**** DATA SUPPLIED ****

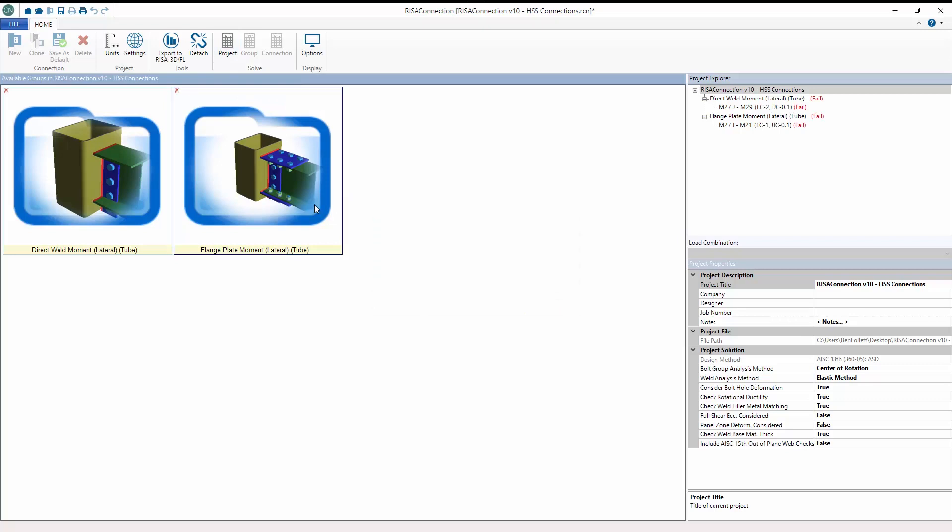For more information about these features and other new features included in RISA Connection version 10, please visit RISA.com/new-features.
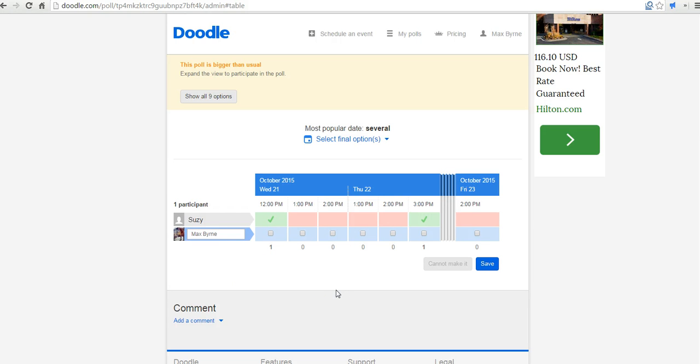So that's how you can use Doodle.com to schedule meetings. And for more tips and tricks like this, please check out FreeTechForTeachers.com.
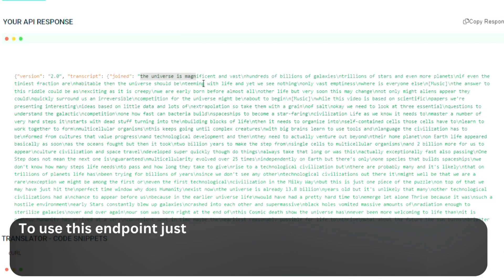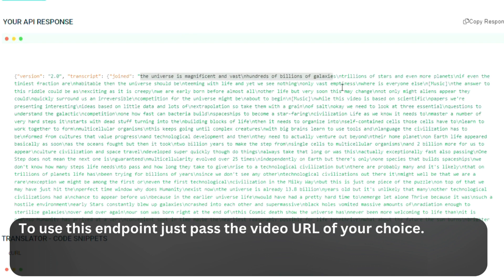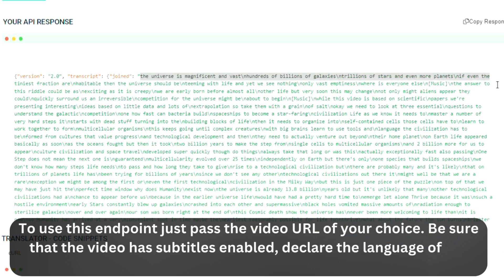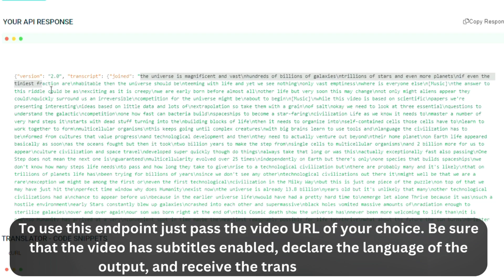To use this endpoint, just pass the video URL of your choice. Be sure that the video has subtitles enabled, declare the language of the output, and receive the translated subtitles.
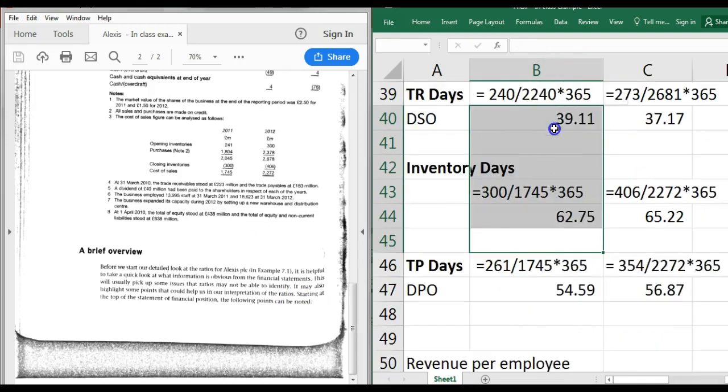The three main efficiency metrics to focus on are: trade receivable days, inventory days, and trade payable days.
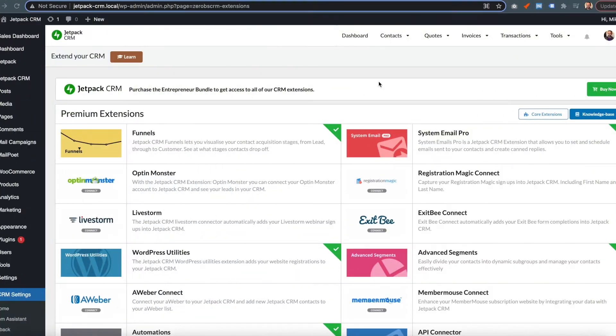Mike from Jetpack CRM. I wanted to spend a few minutes just going through how to add a contact to the CRM via the API.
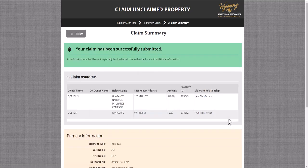And that's it — you've filed a claim with the Wyoming State Treasurer's Unclaimed Property Division. From here, our team will review the claim, and you will receive a claim confirmation email within the next 24 hours with further instructions or payment confirmation, depending on the complexity of the claim. If you don't see an email after this time, please check your spam folder.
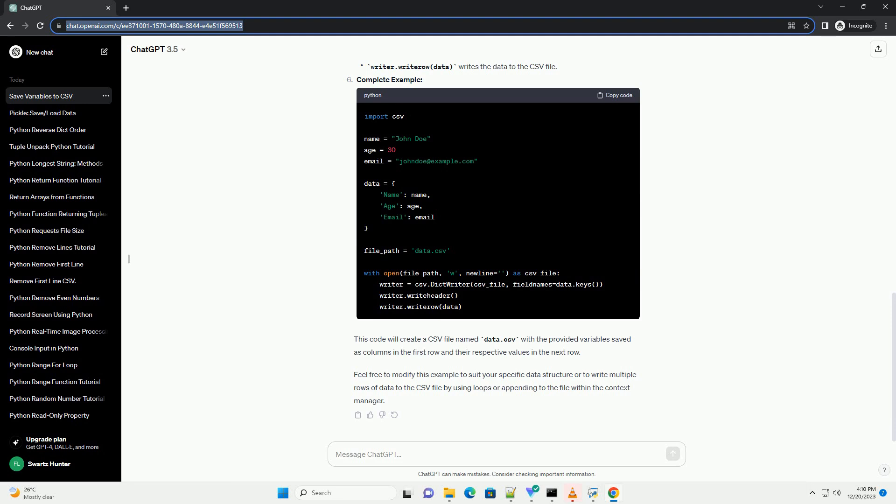Feel free to modify this example to suit your specific data structure or to write multiple rows of data to the CSV file by using loops or appending to the file within the context manager.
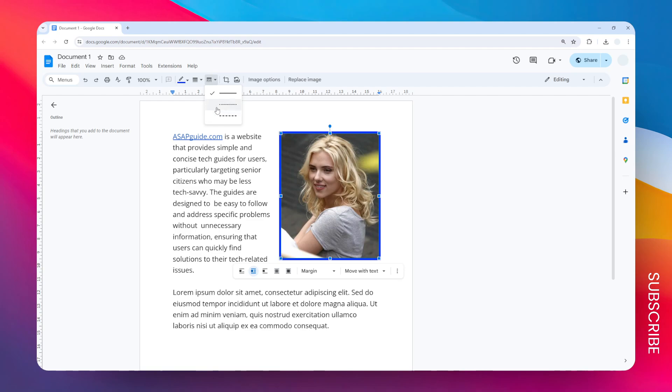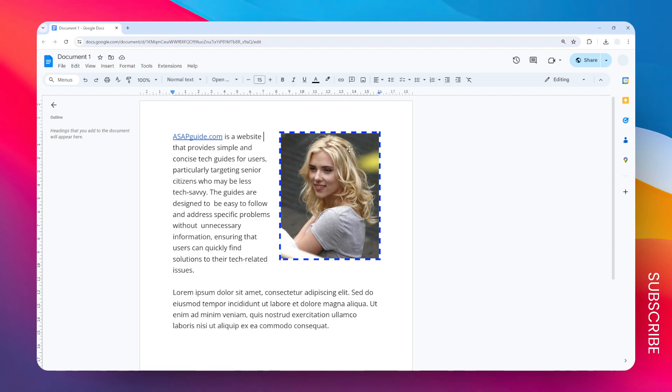So yeah, that's basically it. That's how you can add a border to an image in Google Docs. I hope that helps.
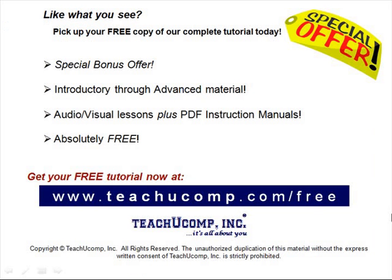Like what you see? Pick up your free copy of the complete tutorial at www.teachucomp.com forward slash free.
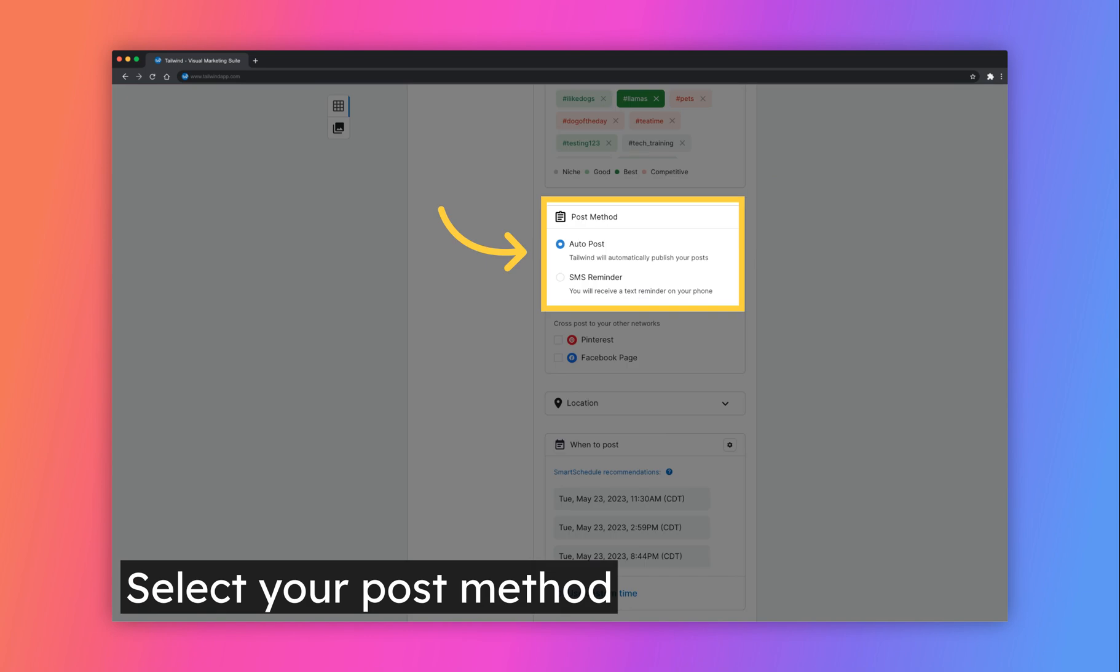Choose how you would like your post to be published. You have the option to use AutoPost, which will publish your content automatically, or SMS Reminder which will send you a text and a link when it's time to publish your post. If you haven't yet set these up, you will see a Requires Setup message in this section.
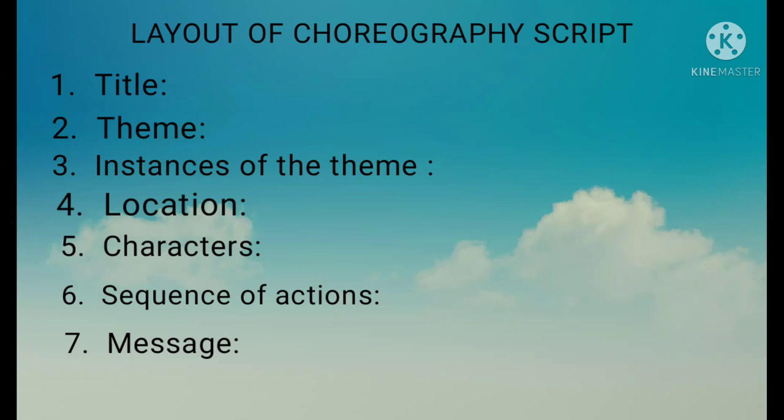Sometimes there will be the same location. If there is a change in location, the scene will change. Sometimes there will be entry or exit of characters — at that time also the scene will change. The last element is the message: the moral of the poem as per the understanding of the reader. Message is optional — if you want, you can write it, or just leave it.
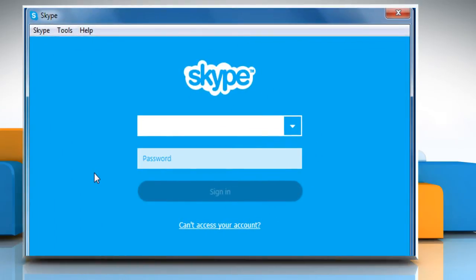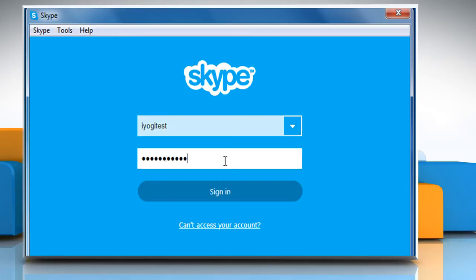For demo purpose, here we are using Skype for Windows Desktop. Sign in to your Skype account.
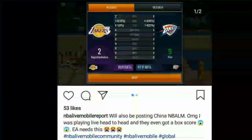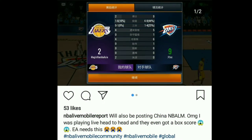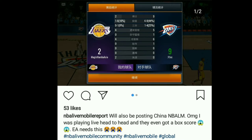We are back with another video. A lot of you guys have been requesting this — I requested it to the NBA Live Mobile admins as well — but it is on the channel. We have a backscore on NBA Live Mobile, playing live head-to-head, and he got the backscore right here. It is on NBA Live Mobile China, so hopefully EA will see this and add the backscore.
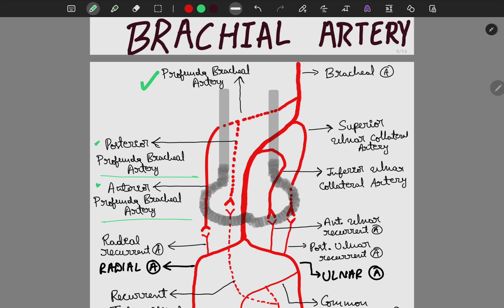The anterior branch moves in front of the lateral epicondyle and the posterior branch moves behind the lateral epicondyle. The next branches of the brachial artery are the superior and inferior ulnar collateral arteries. The superior ulnar collateral artery moves behind the medial epicondyle, and the inferior ulnar collateral artery moves in front of the medial epicondyle.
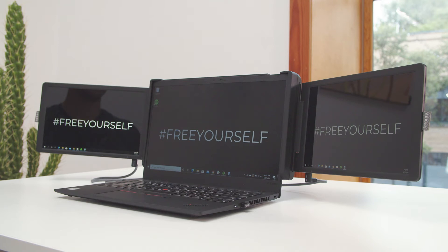After you have the Triscreen 2 plugged in with images displayed on all three screens, you need to configure your displays and arrange your new screens within your laptop's display settings.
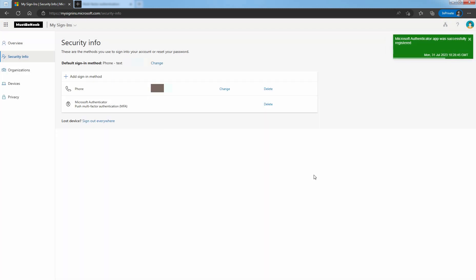Your security information is updated to use Microsoft Authenticator application when using two-step verification or password reset. If you no longer want to use your Authenticator app as a security info method, you can remove it from the security info page.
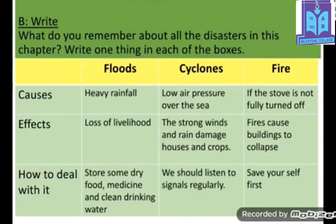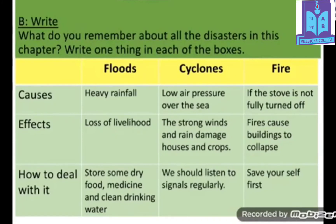Now write how to deal with each disaster. In today's lesson you learned about cyclones and fire; in the previous lesson you learned about flood. For flood: store dry food, medicine, and clean drinking water. For cyclone: listen to signals regularly — signals range from 1 to 10. For fire: save yourself first. Write all book work in your book with a pencil.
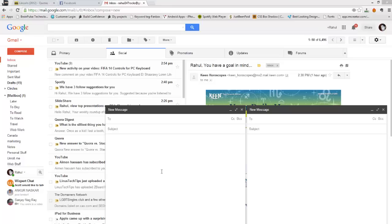Hey, what's up guys, welcome to another video. Today I'm going to show you how you can make free phone calls anywhere on the planet using nothing but Google and your Gmail account. Many people don't know this, so it's a bit tricky, but once you set it up for the first time it's good to go — especially if you're outside the United States and want to call from, say, India to the US, Canada, or the UK.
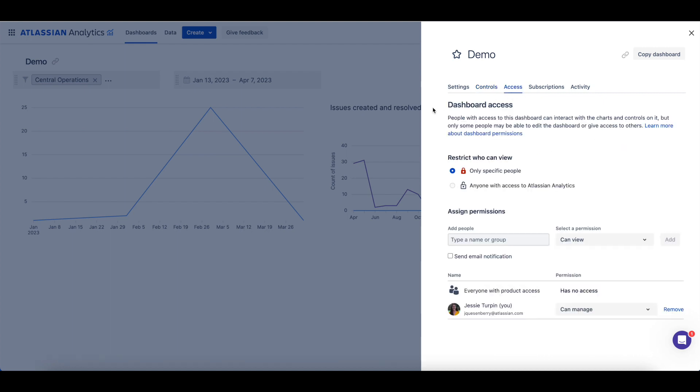The Access tab is where access to the dashboard can be adjusted. The open permissions model used on data sources also applies to dashboards. You can configure the dashboard to be viewable by all users with product access to Atlassian Analytics.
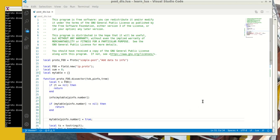All right, guys, welcome to this session on Lua Dissectors. The topic for this session is post-dissection.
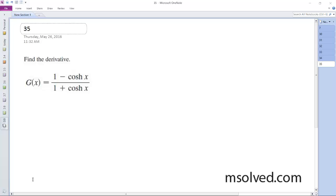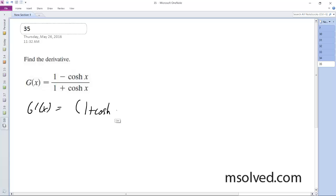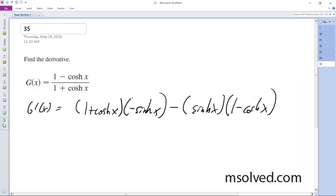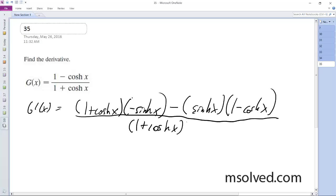All right, so the derivative is going to be using the quotient rule. g prime of x is equal to 1 plus cosine h of x times negative sine h of x, because that's the derivative of the cosine, minus the quantity sine of h of x times 1 minus cosine h of x, all over 1 plus cosine h of x squared.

****

WHAT YOU ARE ASKED TO DO » Print the data above from its first line through the line that has "So that's how", exactly and with nothing else, omitting pictures.

YOUR RESPONSE »
For more information about these features and other new features included in RISA Connection version 10, please visit RISA.com/new-features.
So that's how you can use Doodle.com to schedule meetings. And for more tips and tricks like this, please check out FreeTechForTeachers.com.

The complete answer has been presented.